Some of the top challenges that get in the way are:
- Engorgement: Thanks to all the milk supply ratcheting up, your breasts can become rock-hard and sore as a fresh wound. Expressing milk or making a baby latch in this situation can lead to agonising pain. A mix of massage, hot and cold compresses can help alleviate the discomfort.
- Mastitis: This condition is marked by breast tissue inflammation, likely due to an infection or clogged ducts. Mastitis leads to localised soreness and flu-like symptoms that may include fatigue and fever.
- Incorrect latch: A lot of young moms and babies struggle with the correct latching techniques. Unless the baby latches correctly, neither the milk drains correctly nor they get their fill. This can lead to painfully long feeding sessions and a hungry, cranky baby. Both of which can be frustrating experiences.
- Insufficient supply: If your baby doesn’t seem content even after a long feeding session or they’re not producing enough soiled diapers (at least six in a day), you may be dealing with insufficient supply.
- Inverted nipples: Some women have nipples that are retracted inward or flat. This can make latching difficult and breastfeeding a challenge. As the baby sucks on the areolas and not the nipples, it can lead to cracks on the surface, making the experience extremely painful for the mother. Silicon nipples available in the market can be a life-save in this condition.
What can you do?
If you want to breastfeed your baby but are finding the process challenging, there’s nothing like turning to good old dadi maa ke nuskhe for help. Here are some things you can try to make sure your supply is abundant and flows seamlessly:
- Fenugreek seeds: You can boil the seeds in water and drink it with honey. Alternatively, the seeds can also be used in dishes such as curries, vegetables or meat.
- Fennel seeds: Water or tea infused with fennel seeds is commonly given to lactating moms in India for a healthy supply.
- Seeds: Cumin seeds, sesame seeds, Dill seeds are used in different regions of the country, depending on the local foods and temperatures.
- Veggies: Green leafy vegetables, especially from the gourd family, help promote healthy lactation.
- Lentils: Red lentils or masoor dal are also considered a time-tested food for improving milk supply.
- Ghee: Milk infused with ghee, nuts and dried foods is a go-to traditional recipe given to new moms in Indian homes.
Need more support?
If you’re struggling with breastfeeding, it helps to consult a lactation consultant or reach out to support groups such as Breastfeeding Support for Indian Moms, Breastfeeding Promotion Network of India and La Leche League support in India.
Breastfeeding can invite a lot of scrutiny and unsolicited advice in our society. Don’t let the pressure get to you or feel guilty about not being able to meet the ‘gold standards’ of breastfeeding.

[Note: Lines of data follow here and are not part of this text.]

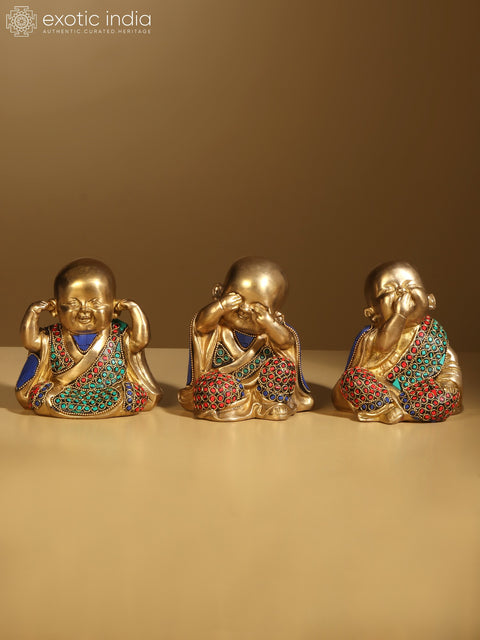 Baby Laughing Buddha Idol (Set of 3)  | Brass with Inlay Work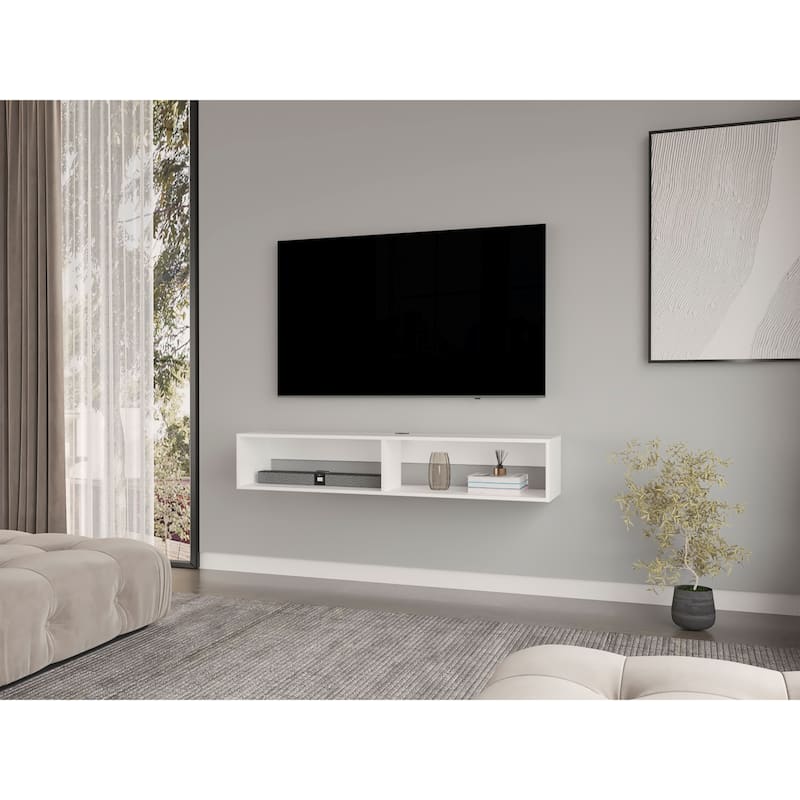 Modern TV Console Wall Mounted 59" Floating Media Stand with Shelves and Cable Management - 10.4”H x 59.1”W x 12.6”D
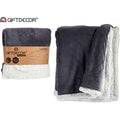 Fleece deken, grijs en wit, 130 x 170 cm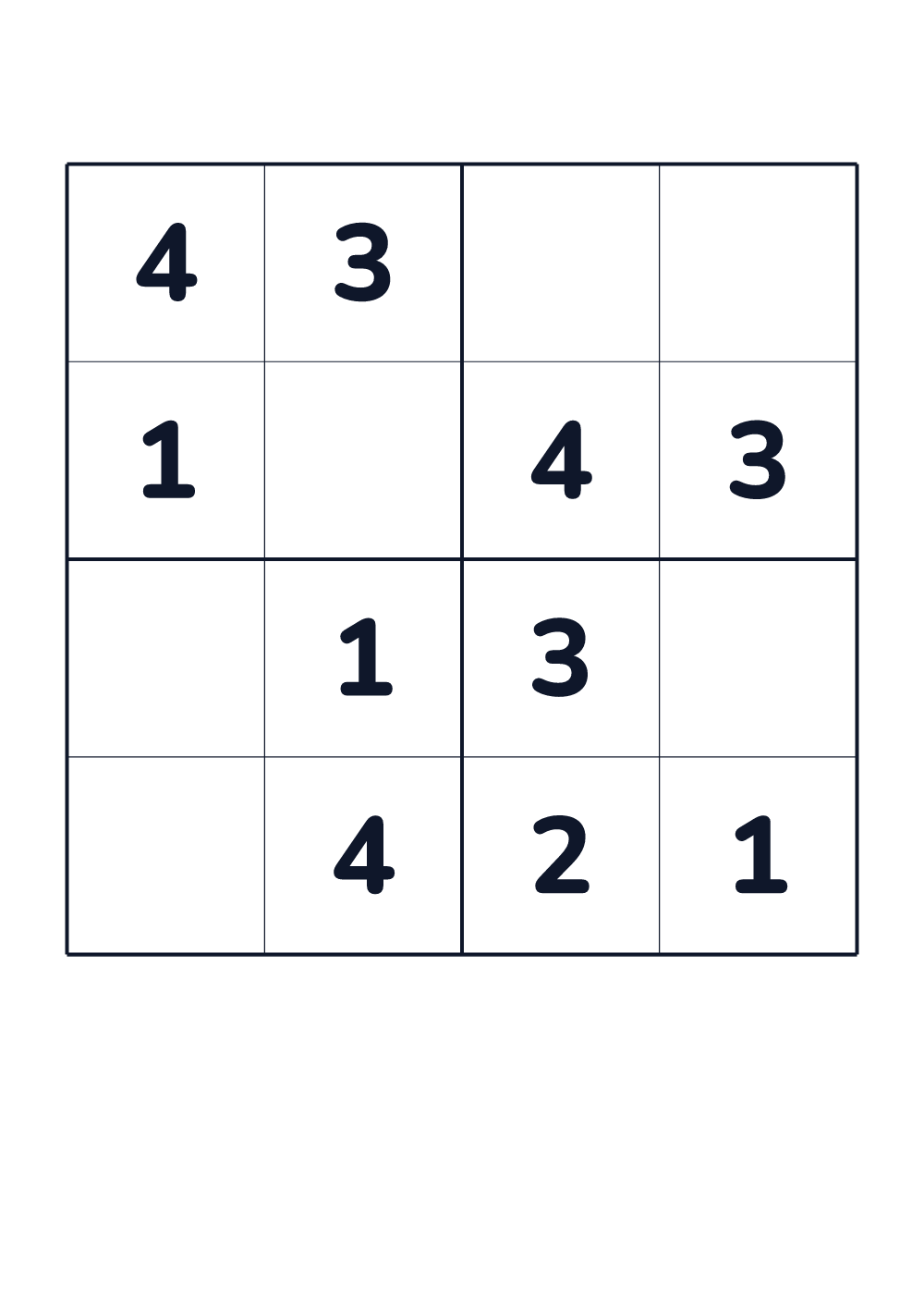 Sudoku 4x4 for kids age 4-5 (printable)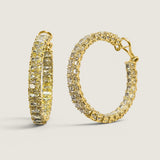 .5CT RADIANT CUT HOOPS 1 3/4 INCH DIAMETER ALL CANARY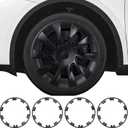 Wheel Rim Protector for Tesla Model Y 20 Inch Induction Wheels All-in-one Car Tire Trim Rings Rim Case Hubcaps Wheel Cover 2020-2024 Model Y Accessories (Matte Black)
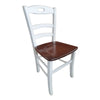 MOBILI 2G - Set 2 sedie shabby bianco anticato legno seduta noce 46x43x89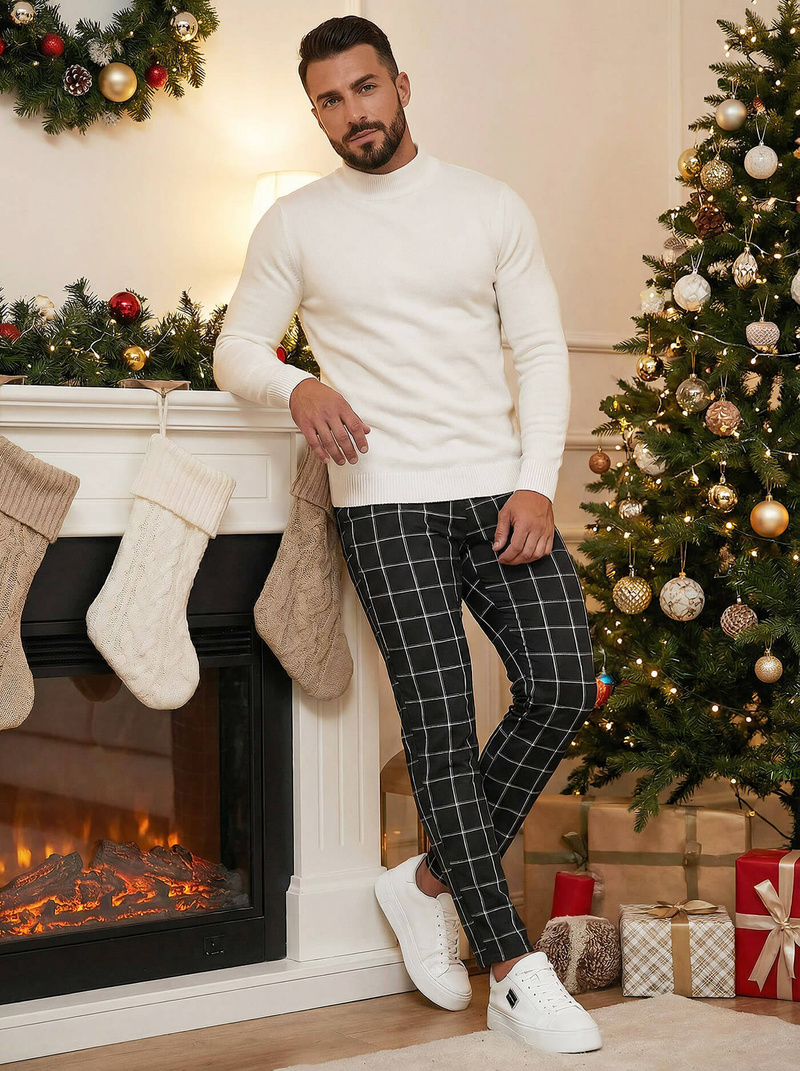 Vīriešu chino bikses melnas OZONEE DJ/5522Z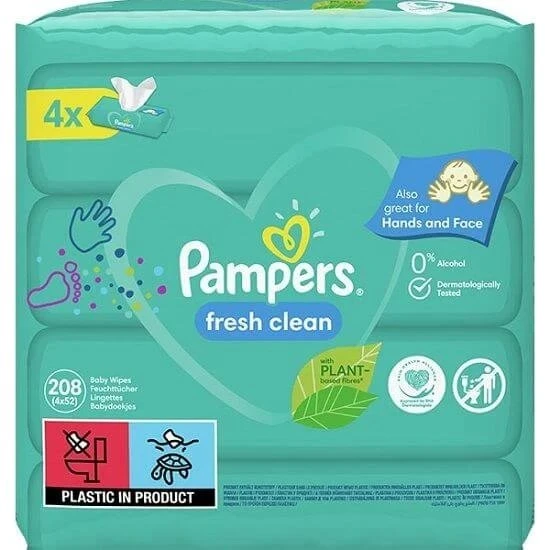 Pampers Fresh Clean Feuchttücher, 4x52 Stück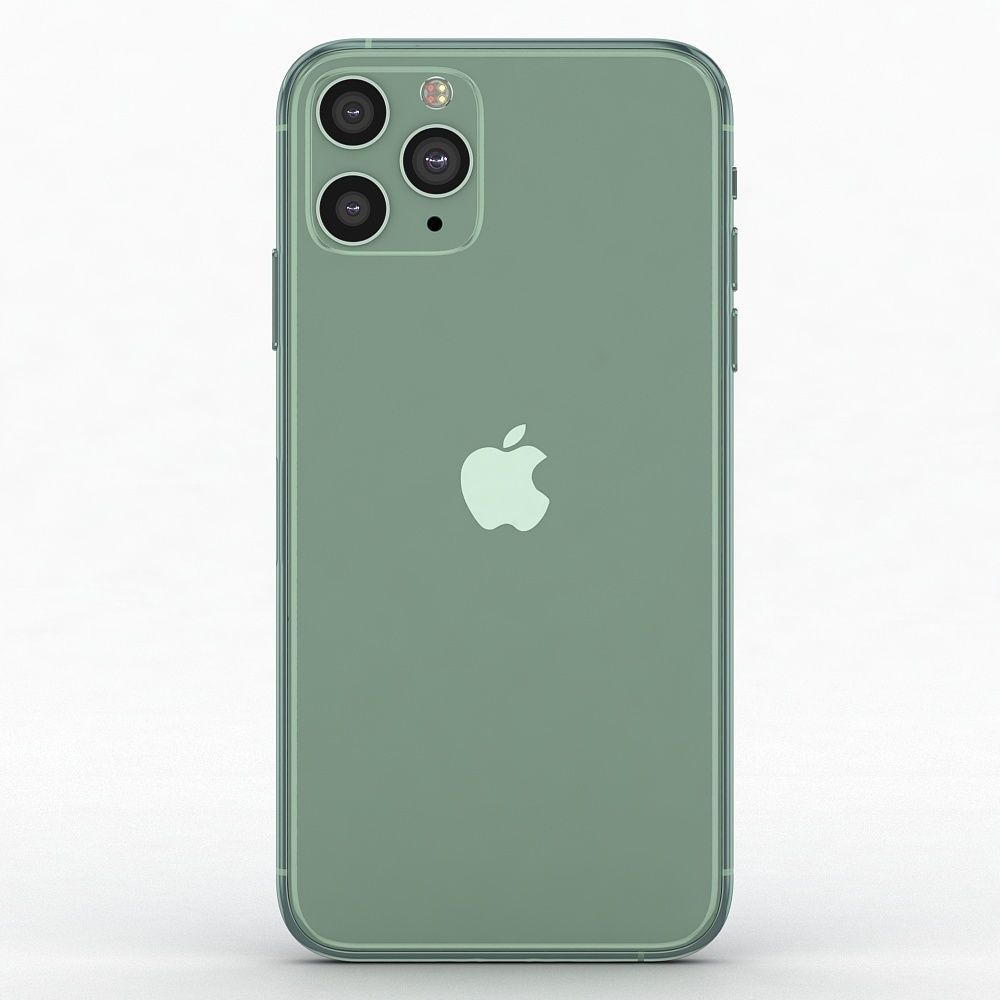 Apple iPhone 11 Pro Midnight Green Low-poly 3D model_2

You can also use a breast pump to extract your milk if your milk supply is fine but you are not able to feed the baby because of painful/engorged breasts. In case of decreased or no milk supply or any other problems, consult your doctor to choose a formula milk for your baby. You can also check with your doctor if you can switch to cow/goat milk or not. A pediatrician is the best person to consult in this case.
In the end, it’s your personal choice. As a mother, only you know what works best for you and your baby.